Background : Accuracy of static computer-assisted implant placement in anterior and posterior sites by clinicians new to implant dentistry: in vitro comparison of fully guided, pilot-guided, and

author: Jaafar Abduo, Douglas Lau | publisher: drg. Andreas Tjandra, Sp. Perio, FISID

Implant treatment is a growing field in dentistry, and many clinicians aim to increase their scope of practice by including such treatment. One of the main challenges encountered by clinicians new to implant dentistry is the determination and controlling of implant location. It is the consensus that implant placement must be planned to achieve an acceptable position for an ideal restorative outcome [1, 2]. Poorly placed implants were demonstrated to be associated with increased marginal bone loss, and may lead to the violation of nearby vital anatomic structures [1,2,3]. Restoration of poorly placed implants may not have an optimal morphology and emergence profile, which can affect esthetics and impede plaque control. In addition, restoring poorly placed implants is technically far more challenging with increased time and cost [1,2,3].

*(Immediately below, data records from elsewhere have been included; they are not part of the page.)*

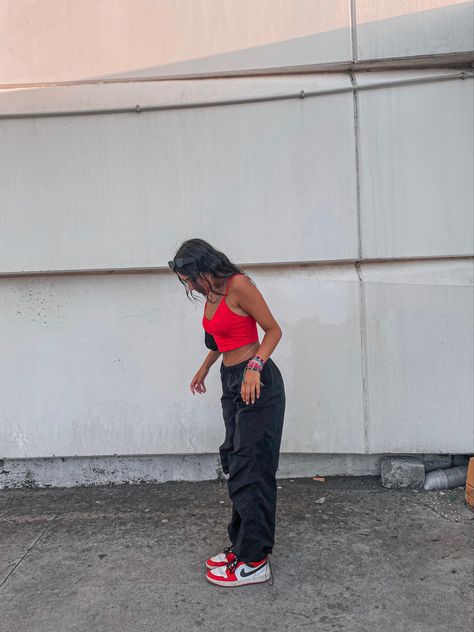 Concert Outfits Summer Hip Hop, Black And Red Shoes Outfit, Red And Black Outfits For Concert, Red And Black Air Jordan 1 Outfit, Red And Black Hip Hop Dance Outfits, Red Air Jordans Outfit, Red And Black Streetwear Outfit, Red Concert Outfit Ideas, Red Top Black Pants Outfit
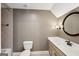 Cozy bathroom featuring a toilet, sink with a vanity, and a round mirror at 210 Steeple Point Dr, Roswell, GA 30076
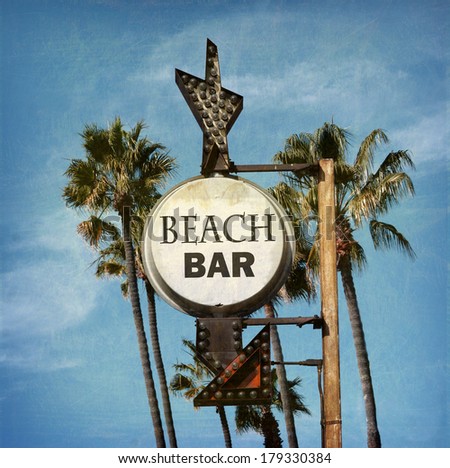 aged and worn vintage photo of beach bar sign with palm trees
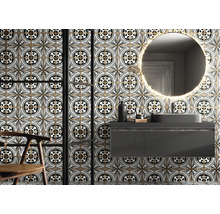 Badezimmer mit Waschbecken, Spiegel und Fliesen mit floralem Muster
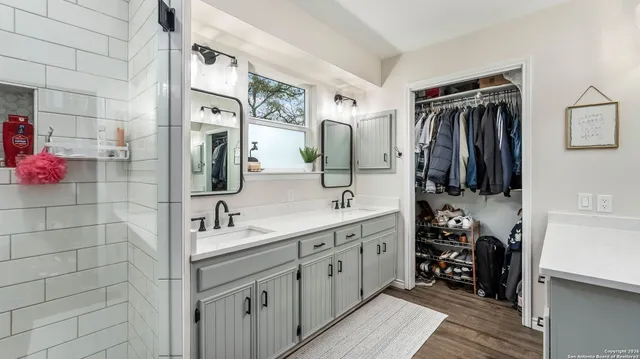 a bathroom with a double vanity sink and a mirror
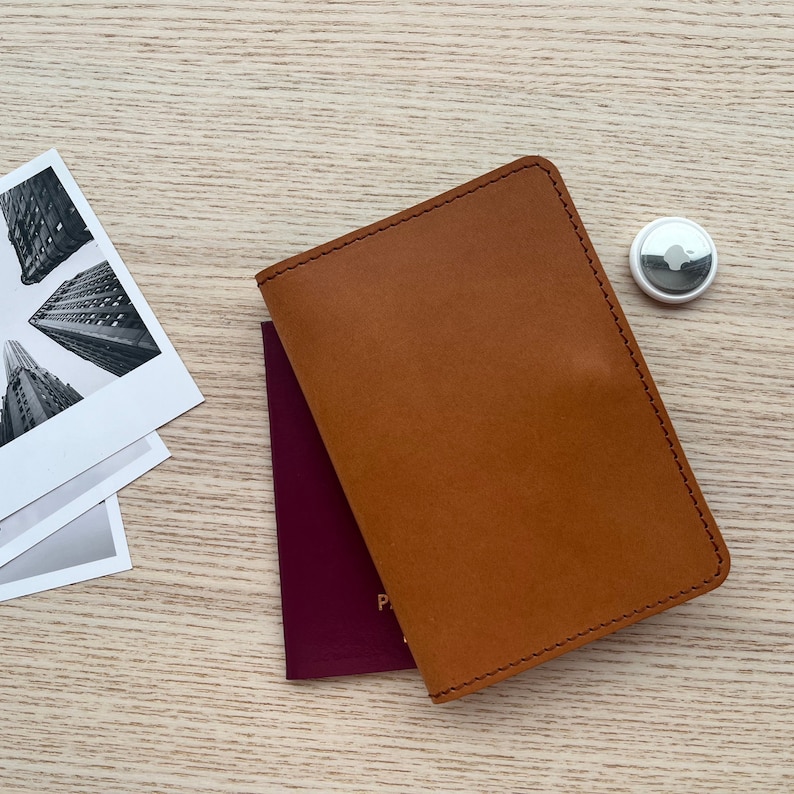 May include: A brown leather passport holder with a stitched edge. The holder is lying on a wooden surface next to a burgundy passport cover.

While the conventional approach combines the planned restorative outcome with the 3D radiographic information via a radiographic guide, transferring this information to execute the osteotomy at the planned position and angulation is challenging. To overcome this problem, surgical guides were advocated to control implant location, angulation, drilling, and subsequent positioning [4, 5]. Today, with the advancement of digital technologies [6], static computer-assisted implant placement (sCAIP) protocols were proposed as alternatives [7,8,9]. They involve using commercial software programs to decide on the ideal implant position, digitally designing the surgical guide, and producing the surgical guide by means of 3D printing or milling [10]. Further, manufacturing companies provide surgical guides with prefabricated metal sleeves and drilling handles that correspond to the implant surgical tools, which facilitate exacting implant placement. In addition, it has been proposed that implant placement according to sCAIP protocols are easier, simpler, and more predictable than conventional implant placements [11,12,13]. Some studies showed that the accuracy of sCAIP implants is less influenced by the lack of experience of the operator [12,13,14].

Currently, there are two protocols for sCAIP: fully guided (FG) and pilot-guided (PG) protocols [15, 16]. The FG protocol is related to implant manufacturers and has the advantage of controlling all the drilling, tapping, and implant placement through the surgical guide. The PG protocol is an abbreviated form of guided surgery, and only guides the pilot drill. The rest of the surgical procedure is completed freehand. Frequently, the PG protocol is related to open source software programs that allow guide production by 3rd party 3D printers. As a result, the PG protocol is generally more economical than the FG protocol. However, the PG protocol cannot control all the steps of implant placement.